### YOUR ASSIGNMENT
The result is the exact lines from the one containing "Falda short con estampado floral para niña - Kool" through the final line of the entries; leave out the pictures.
━━━━━━━━━━━━━━━━
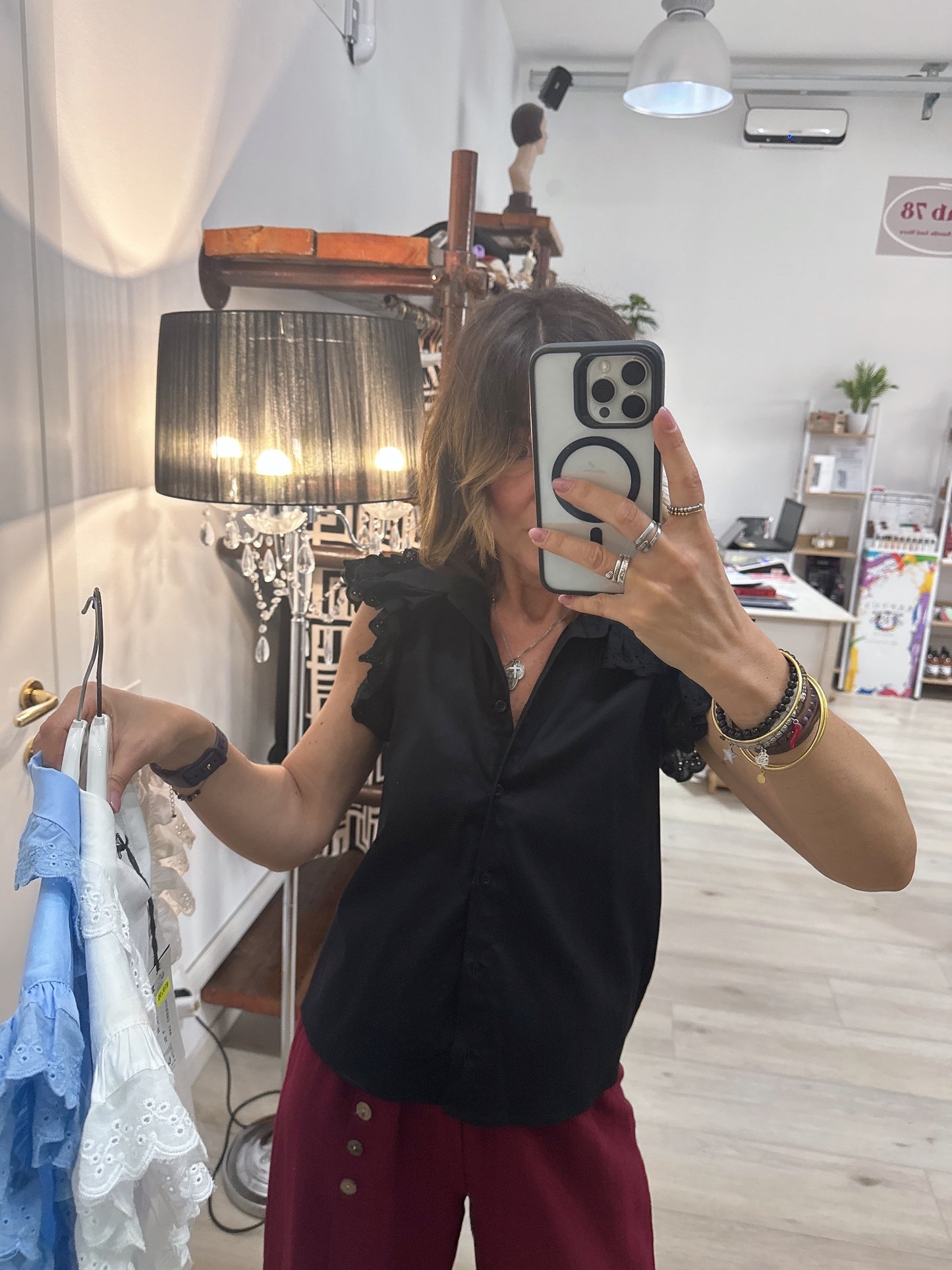 Camicetta con merletto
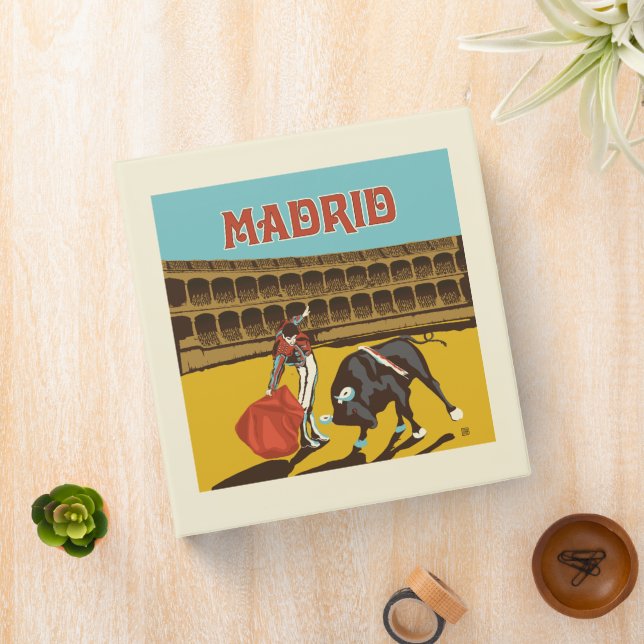 Madrid, Spain Binder (In Situ)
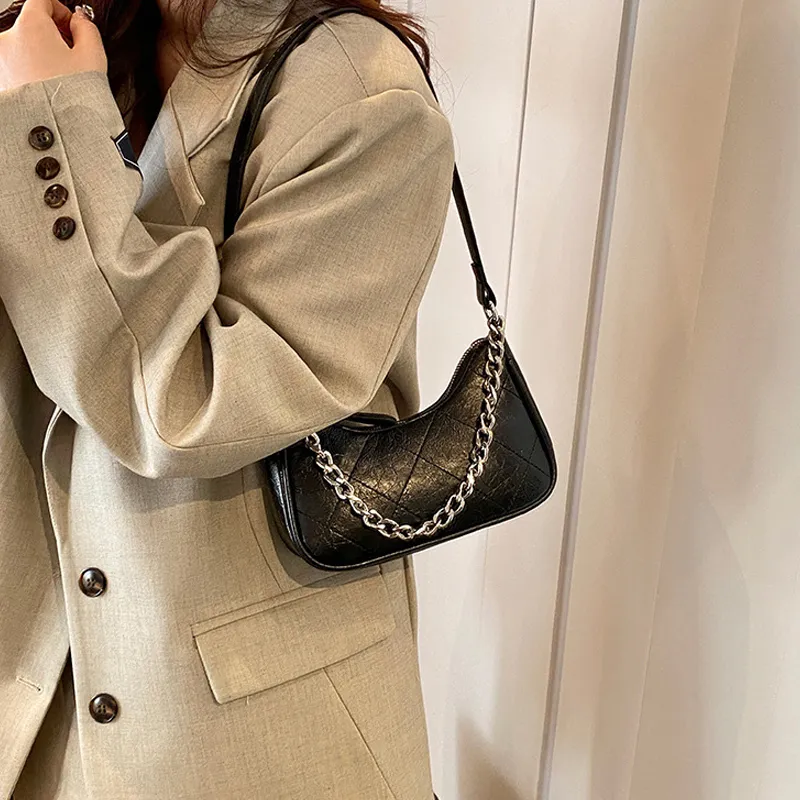 Juju Jimmy PU Shoulder Bag Regular Women's Silver-8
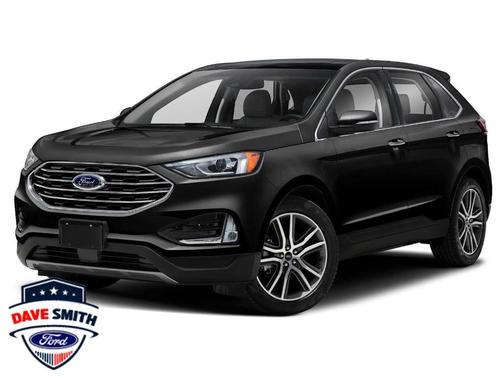 Agate Black Metallic 2019 Ford Edge Titanium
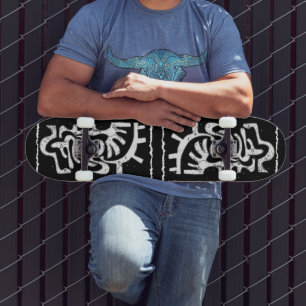 Skate Odd critters b&w abstract art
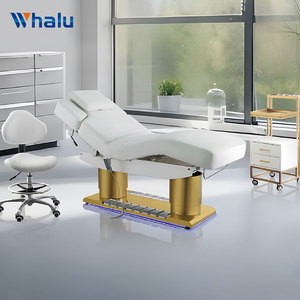 Table de massage <span class=keywords><strong>électrique</strong></span> de luxe à 4 moteurs pour soins esthétiques, table de spa multi-moteurs pour distributeurs mondiaux en gros - Product Image 2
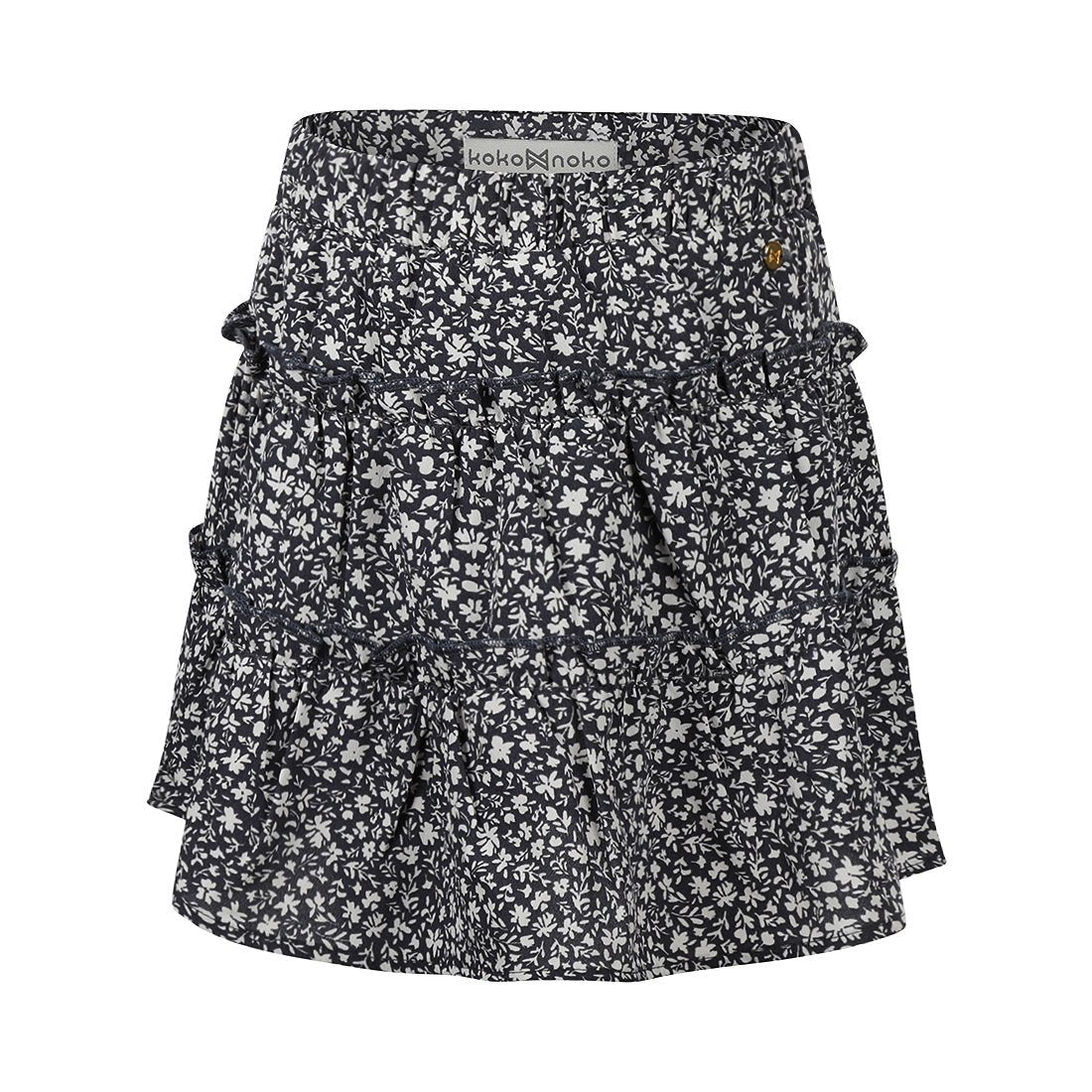 Falda short con estampado floral para niña - Kool KidsKOKO NOKOKool KidsP54965Falda short con estampado floral para niña4 AñosDark blue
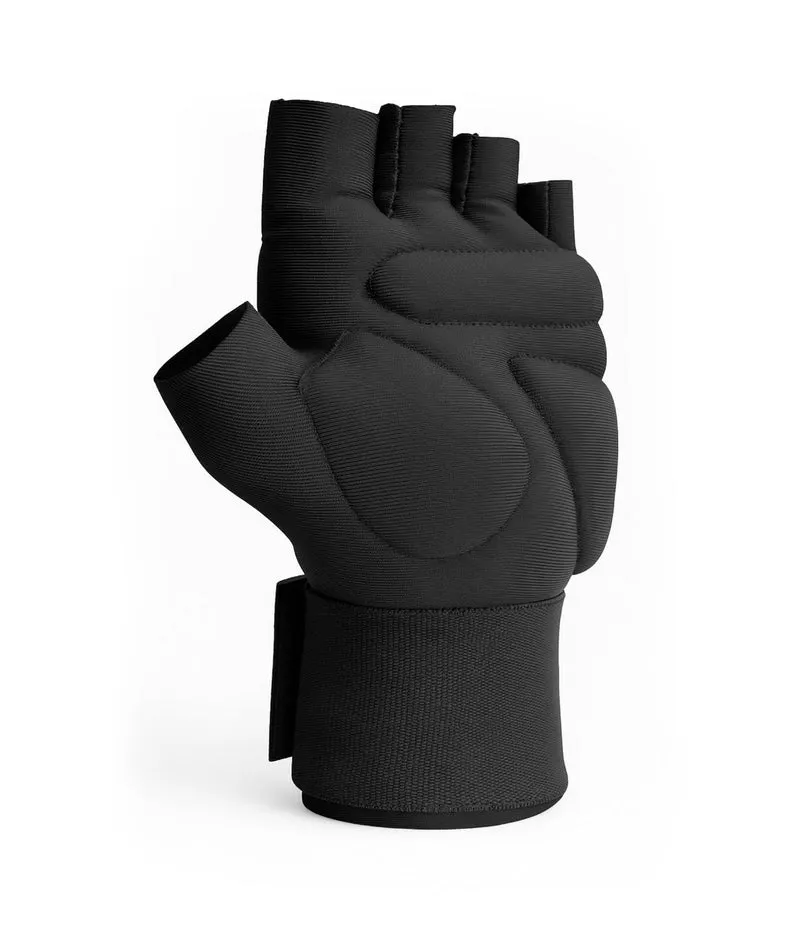 Trainingshandschuhe mit Bandagen - Schwarz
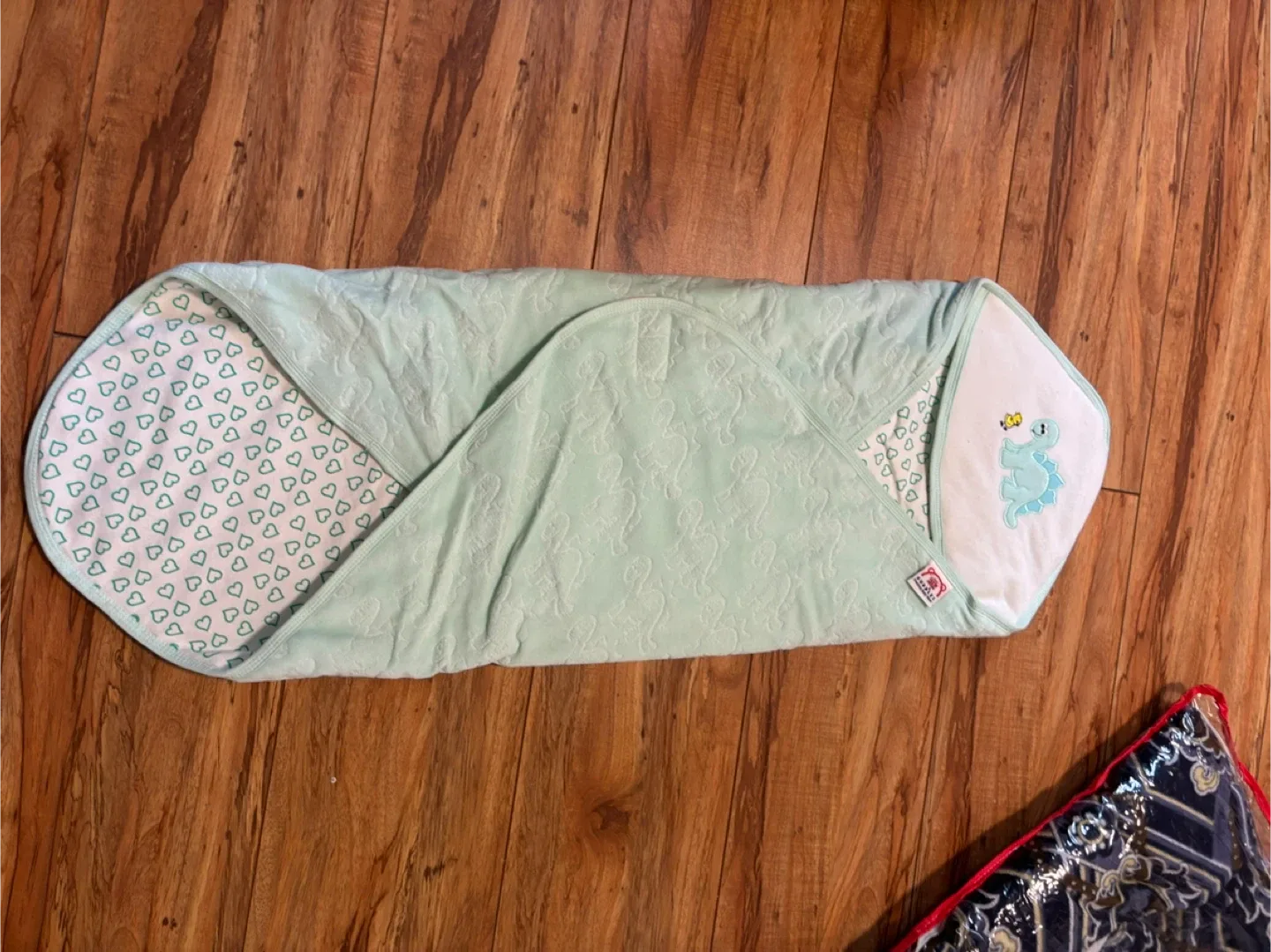 Baby Dino Swaddle Blanket - New image indicator(2)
━━━━━━━━━━━━━━━━
### SOLUTION
 Falda short con estampado floral para niña - Kool KidsKOKO NOKOKool KidsP54965Falda short con estampado floral para niña4 AñosDark blue
 Trainingshandschuhe mit Bandagen - Schwarz
 Baby Dino Swaddle Blanket - New image indicator(2)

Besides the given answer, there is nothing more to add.